You earn profit from fundamental analysis through:
- Capital appreciation (or capital gains)
With capital appreciation, for instance, you bought 5,000 shares of XYZ Company at a share price of Php15. With the given example, your total holding is equal to Php75,000 (5,000 shares x 15 share price).
You hold the stock for three years with, let us say, 34% return on investment. After three years, your total holding is equal to Php100,500 (75,000 x 34% = 25,500).
Capital gains basically means that your shareholdings are getting higher in value.
On the other hand, dividends are the company earnings given to its shareholders. Some companies provide dividends quarterly but most of the public-listed Philippine companies are in a yearly basis.

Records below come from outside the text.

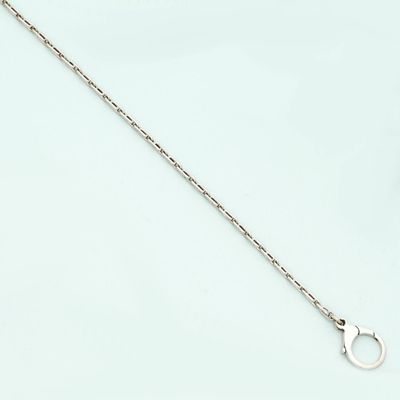 a close up of a chain on a white surface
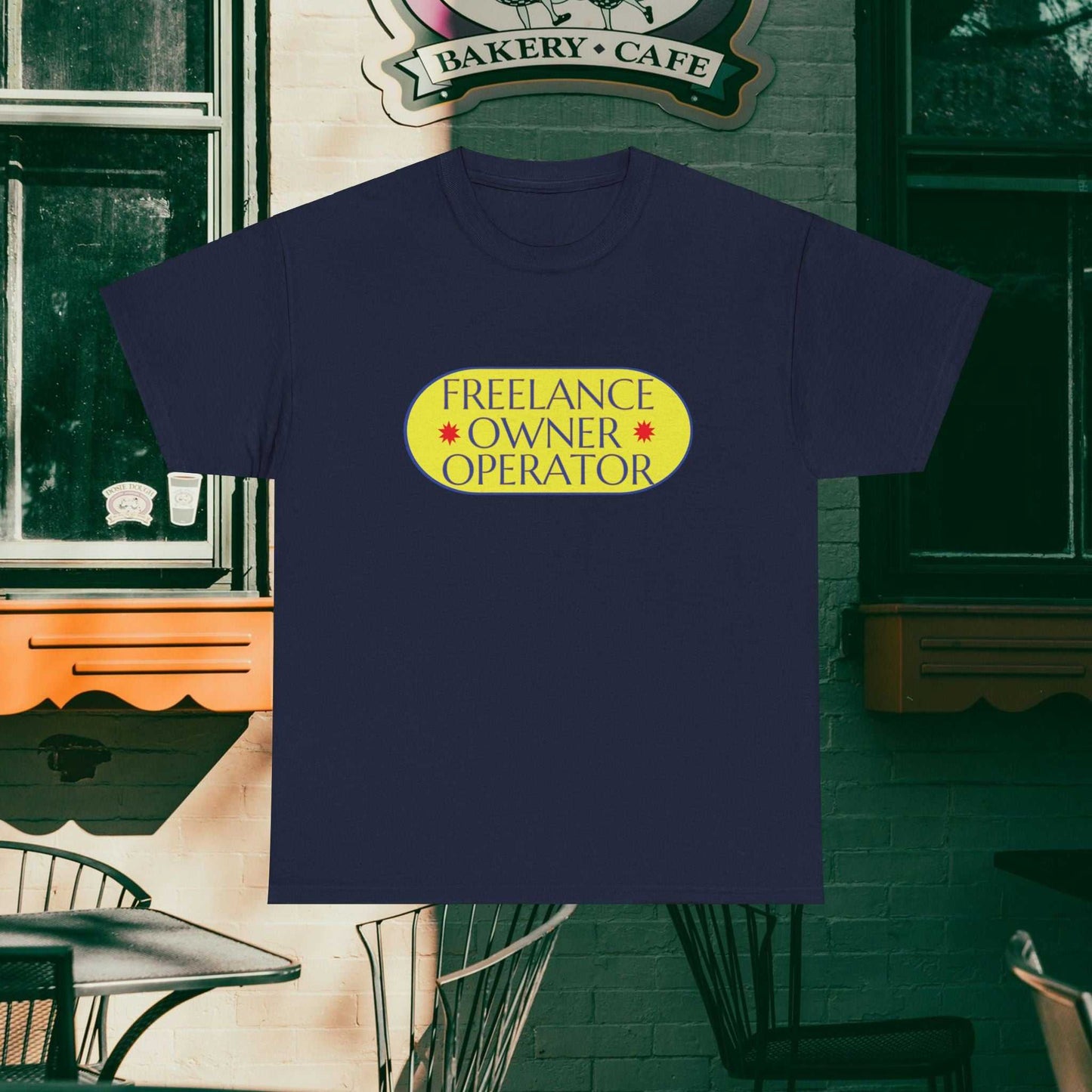 Freelance Owner Operator design on a navy tee with vintage bakery background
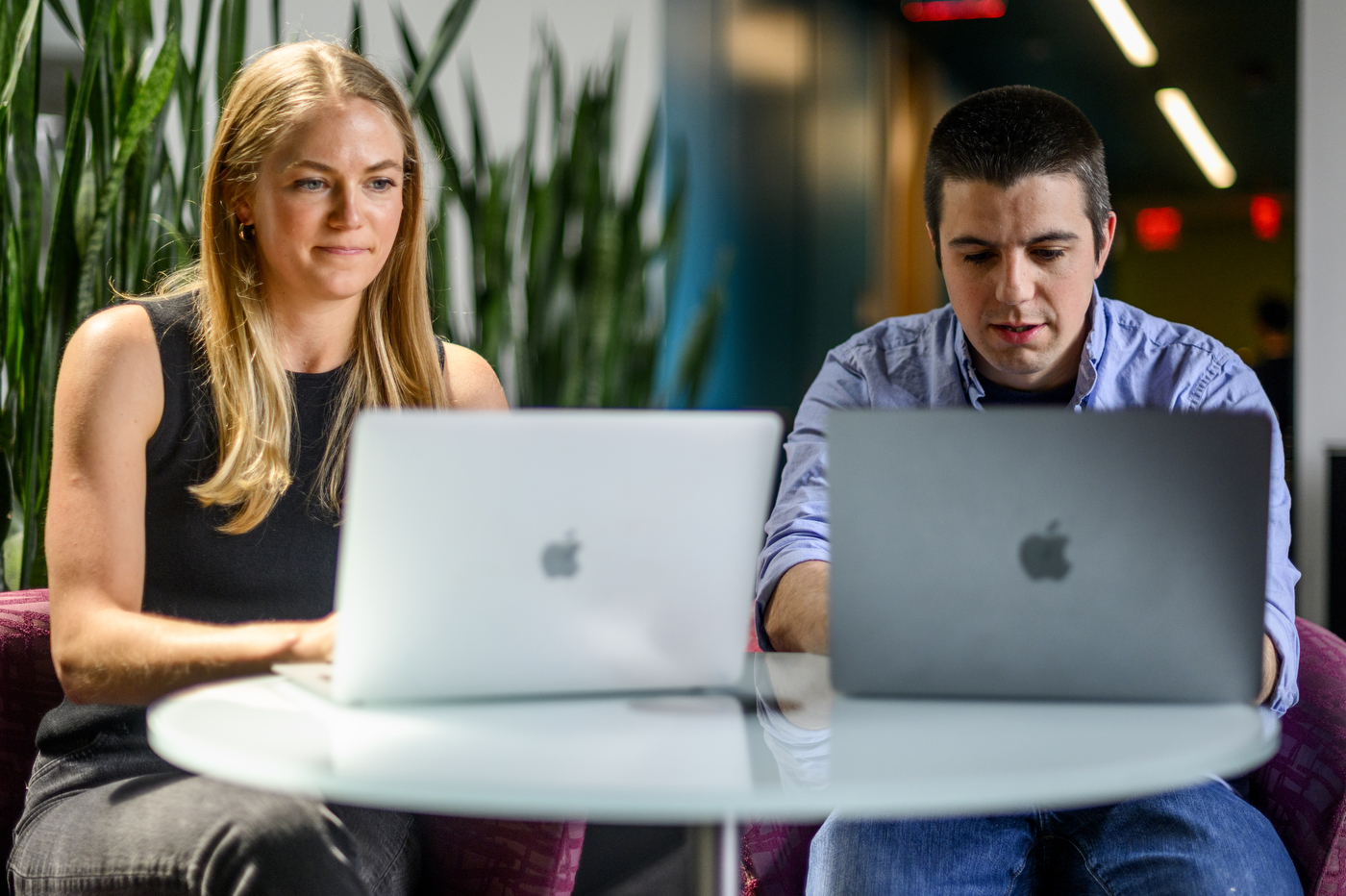 Kate Duffy and Thomas Vandal working on their laptops side by side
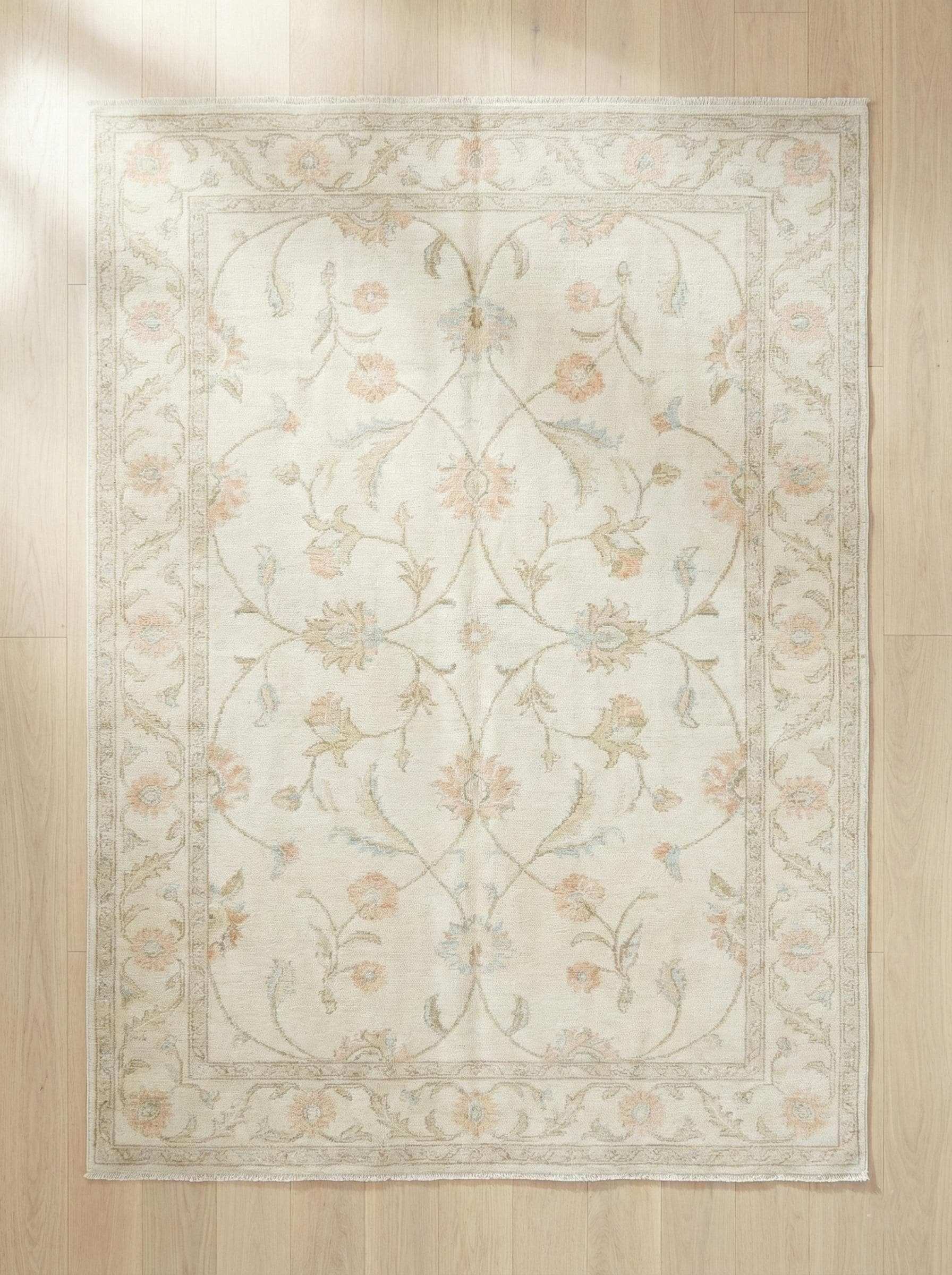 Ivory floral wool rug with delicate pastel flowers and soft low-profile pile for elegant living room decor
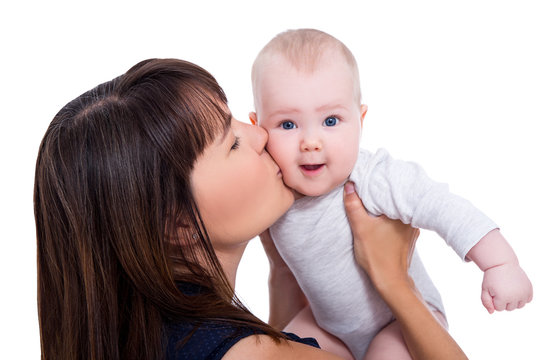 close up portrait of beautiful young mother kissing little baby isolated on white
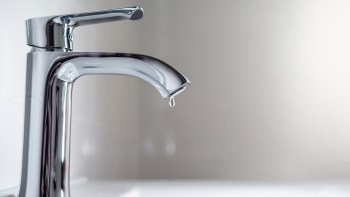 A modern faucet with a single drop of water hanging from the spout.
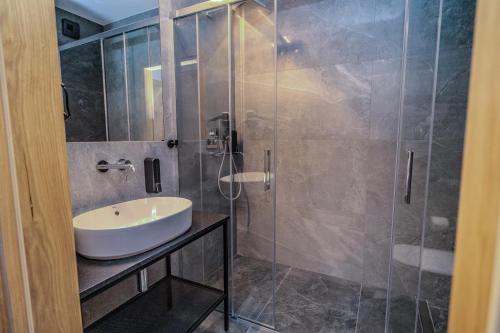 a bathroom with a sink and a shower at Lofft Hotel in Ciechanów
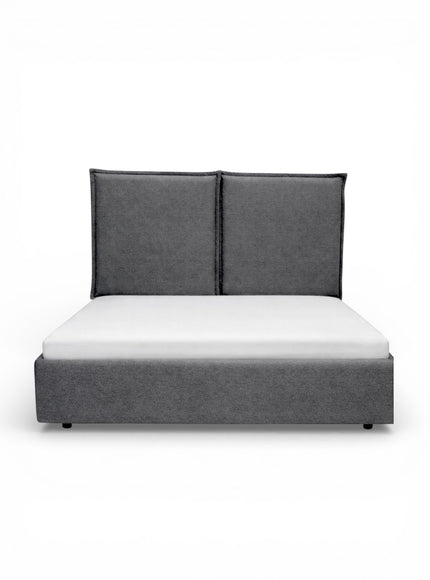 Front view of the Vaya Home Elmon upholstered bed with a grey fabric base and paneled headboard.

Dividends may give an idea that the company is doing good in business. Some companies provide dividends and some are not. Usually, blue-chip stocks like San Miguel Corporation, Ayala Corporation, and Jollibee Foods Corporation do an excellent job at providing dividends.
However, companies that do not provide dividends do not necessarily mean they are not earning.
Some securities, particularly the “new ones in the Philippine Stock Exchange” or those what we call “growth stocks” use their earnings as a form of reinvestment to their company, whether it is about acquiring new properties, building new branches, hiring more people, improving their system, the list goes on.
Every company has their own policy with regards to dividends.
In fundamental analysis, what is your basis of choosing what stock to buy?
A lot of factors, actually. But qualitative and quantitative factors play a large role in fundamental analysis.
- Qualitative Analysis involves keen assessment about the company’s business model, competitive advantage, corporate governance, management, etc.
- On the other hand, quantitative analysis comprises a thorough evaluation on the company’s financial statements.
To identify what stock will going to perform well, several financial ratios like earnings-per-share, price-to-earnings ratio, price-to-book ratio, sales-to-book ratio, etc. are being used. These formulas can be identified by the help of company’s financial statements, which involves balance sheet, statement of cash flows, and income statement.
Of course, we want to invest in a company that produces a continuous positive earnings over years. In contrast, downward numbers of net earnings may serve as a signal that the company is losing its share in the market.
Fundamental analysis involves buying and holding the company shares for several years, three as the least. Benjamin Graham, Warren Buffet, Ken Fisher, earned their fortune through value investing. It is not for the people aiming to accumulate wealth in a short-term basis. Rather, it is for the people who have patience to a) not be emotional about the movement of the market, and b) to hold the shares despite of the volatility.
Buy shares and hold them for years, even decades, even lifetime, is the philosophy of investors using fundamental analysis.
In conclusion, technical analysis involves stock price movement from charts while fundamental analysis comprises company’s quantitative and qualitative measurements. Choosing which one of them will vary on person’s values, belief, and preferences. There are people became successful using technical analysis. And also fundamental analysis.
There is no better than the other. But what is common to perform good to either one of them is the level of work you put in.
Do you want to become a trader or investor? What do you think you will more likely to be in?